絮鸾有自己的骄傲,绝对不会用赐婚来绑住自己,她就是知道自己会拒绝才向紫月痕开口,目的就是为了试探自己对她的底线,经过当年在宫宴直接不留情面地拒绝,她就再也没有那样做过。
再者,她已经见过清持了,而自己也明确地表明了态度,就算还没有放手也应该不会太过纠缠!
“你自己心里有数就行!”时翊耸肩没所谓地开口。
另一侧。
白府。
白未檀刚哄完白琦溪睡午觉,回到房间便发现歪坐在椅子上双腿伸直交叠地放在一起的简白,如诗如画般的清冷容颜依旧,目光淡淡地看了对方一眼,“今天怎么有空过来?”

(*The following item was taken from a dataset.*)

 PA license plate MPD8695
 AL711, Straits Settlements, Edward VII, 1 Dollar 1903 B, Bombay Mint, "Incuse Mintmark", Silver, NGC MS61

简白勾唇一笑,微抬下巴示意被放在书案上的淡粉色菊花,“喏,看见没?楼姒喜欢菊花。”
白未檀抬眸凉凉地看了对方一眼,连语气都是凉凉地开口,“所以你就跑我府上偷菊花来了?”
简白看着对方笑着开口,“你应该不会这么小气吧?这可是事关你兄弟我的终身大事!”
白未檀懒得理他。
“对了,未檀,水惜音走了!”想起这件事,简白忽然开口。
“那他呢?”这个时候,白未檀最关系的是亦澈有没有一起离开。
简白摇了摇头,缓缓开口,“没有,亦澈估计是要等到风云宴之后离开。”随即有些不解地看着白未檀,坐直了身子认真地问,“未檀,你到底为什么要亦澈一定离开帝京?”
就算了真的伤了言络应该也不至于啊,毕竟人家言络现在啥事儿都没有。
白未檀清冷的眸光对上简白的目光,最后只是略带歉意地摇摇头,“对不起,现在我不能说。”
简白一顿,也没有再说些什么。未檀不想说的事情,没有人可以让他说出口。
不,或许以前有一个人,紫翎墨!
“还有一个消息!”简白忽然站起身,很郑重其事地开口。
白未檀看了他一眼,眸色清淡,似乎并不抱有希望他会说出什么重要的事情。
“水惜音怀孕了!”
雪色的身影微微一愣,不过也在瞬间恢复如常,对此并没有表态。
“你就不该有点儿表情?”对于若无其事的白未檀,简白有些好奇。
白未檀凉凉地看了他一眼,有些嘲弄地开口,“你觉得我应该是什么表情?为亦澈高兴还是替子染感到不值?”
简白讪讪,没有说话。
“水惜音怀孕了亦澈让她一个人离开?”白未檀忽然开口,只是清冷的嗓音有些微微的讥诮。
“水惜音去青冥居养胎,毕竟怀孕了很多事情不便。”简白缓缓开口。
白未檀没有再说话,只是眸子有些意味不明地看着窗外。
见此,简白也不知道说些什么,看了一眼粉色的菊花,将它从地上小心地拿了起来,“那我就先回去了,下次找你一起喝酒!”
白未檀轻轻颔首。
一个别苑。
楼姒正在房间里面看账本,忽然,面前出现淡粉色的菊花。
“猜猜我是谁?”简白用另外一只手捂住对方的眼睛,故意尖着嗓子问。
“噗嗤!”楼姒轻声一笑,用手将对方的手拿开,没有转头,而是有些无奈地开口,“简白,除了你谁会这么无聊幼稚!”
简白唇角飞扬地笑了笑,一个旋身从楼姒的身后走到了她的面前,将鲜花递到面前,“喜欢吗?”
楼姒也笑了笑,轻轻点头,“喜欢。”
“那我帮你插在花瓶中。”说完之后就在房间里面找了一个干净的花瓶,将菊花小心翼翼地放了进去,并且还为它洒了几滴水。
而楼姒则是安静地坐在椅子上,神色满足地看着简白。
“楼姒,你现在打算什么时候离开焱凤?”楼家本家毕竟不在焱凤,迟早还是要回茶州的。
楼姒放下手中的账本,眉目柔和了几分,“我倒是希望早日回去,只是小希想等到风云宴之后离开。”
闻言,简白眉微微皱了皱,认真地开口,“楼姒,这次风云宴羽王爷和澜王爷怕是会有大动作,楼希上次为了羽王爷刺杀言络一事虽然已经被揭过,但是难免有心人不会拿此事说事,到时候楼希怕是有理说不清了!”
楼姒也随着皱起眉,神色有些无奈。